::: Recorded data :::

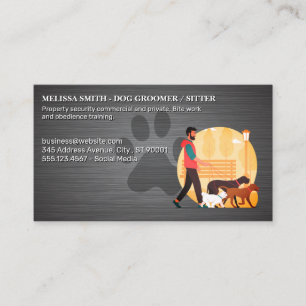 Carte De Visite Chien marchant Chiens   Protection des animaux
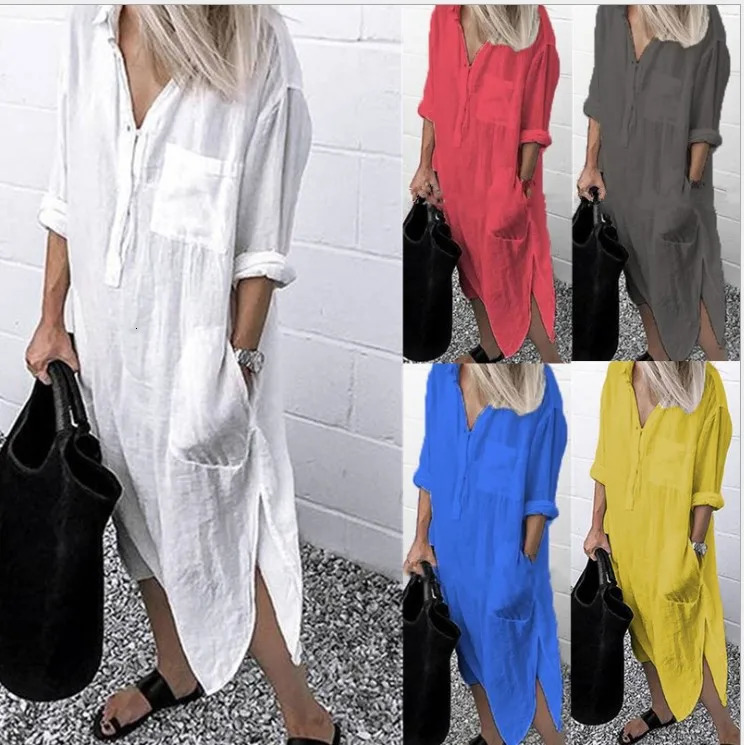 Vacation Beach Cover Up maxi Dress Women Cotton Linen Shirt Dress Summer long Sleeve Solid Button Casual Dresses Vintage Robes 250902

:::
::: Recorded data :::

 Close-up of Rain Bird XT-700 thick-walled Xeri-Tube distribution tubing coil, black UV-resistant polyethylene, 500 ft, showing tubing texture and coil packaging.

:::
::: Recorded data :::

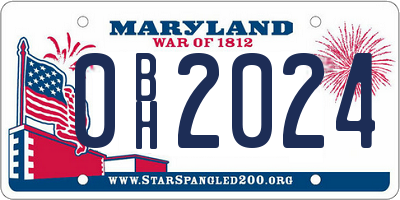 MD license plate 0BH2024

:::

**To do**. Your answer should be the exact lines above from the one containing "Carte De Visite" through the one containing "Vacation Beach Cover", with both end lines kept and the pictures removed, please.

**Result of the task**.
 Carte De Visite Chien marchant Chiens   Protection des animaux
 Vacation Beach Cover Up maxi Dress Women Cotton Linen Shirt Dress Summer long Sleeve Solid Button Casual Dresses Vintage Robes 250902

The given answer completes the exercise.